Justificam-se estes 200 milhões de euros de restauro?

É melhor utilizar 200 milhões de euros no restauro de um monumento nacional, de uma língua francesa, num museu para a educação e a cultura, do que na guerra. A França é um país rico. A gente esquece que a França é um país rico e que existem grandes fortunas. Porque não utilizar esse dinheiro para um restauro, não somente arquitectónico, mas sobretudo para uma finalidade positiva? Do ponto de vista francófono - não só francês, mas francófono porque o museu é um museu sobre a francofonia - a ideia é manter uma língua, mas também através da língua. A língua não vale só por ela própria, vale por tudo o que ela transmite: a cultura, as artes, as ciências, tudo isso se passa através também da língua e da história da língua. Portanto, a história de uma francofonia e da língua escrita.

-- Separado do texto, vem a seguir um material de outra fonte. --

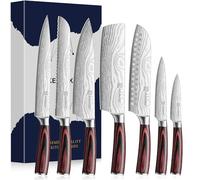 KEEMAKE Couteaux de Cuisine 7 Pièces, Couteau Cuisine Office Professionnel Chef Santoku Pain Nakiri Universel en Acier Inoxydable, pour Cuisiniers Amateurs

Há uma tradição em França, uma ambição também, de os Presidentes deixarem um museu como "legado". Foi o caso do Centro Pompidou, foi o caso do Quai Branly. Agora, Emmanuel Macron aposta nesta Cité Internationale de la Langue Française numa cidade dominada pela extrema-direita. Há aqui mais um peso simbólico de um legado de Emmanuel Macron?

Sim, muito provavelmente, eu não estou na cabeça, nem no escritório do Presidente, mas muito provavelmente foi para fazer como todos os Presidentes, excepto um ou dois. Marcar fisicamente, materialmente a importância da cultura em França. O Centro Pompidou assinalou uma revolução, tanto arquitectónica e sobretudo por tudo o que contém. Quer dizer, é um centro cultural geral, é uma biblioteca muito importante, é um museu de arte moderna e contemporânea de grande importância até mesmo internacional.

O Museu do Quai Branly é um museu em que a cultura francesa se expande para outras civilizações. Agora, porque não a língua francesa num momento em que precisamente a influência da língua francesa em África, por exemplo, está a perder-se por razões políticas, militares e outras? Curiosamente, no outro dia estava a ver na televisão os novos dirigentes do Mali e de outros países da África Ocidental, que expulsam os militares franceses, a falarem em francês. Finalmente, a língua mantém-se como meio de comunicação internacional. Porque não uma história geral desta língua francesa? Porque o museu vai ser um museu muito interactivo, tanto tecnologicamente, como em diversos espaços da francofonia. Aliás, aproveito para dizer: porque não a mesma coisa com o português em Portugal. Afinal, o português é também a terceira língua europeia falada no mundo.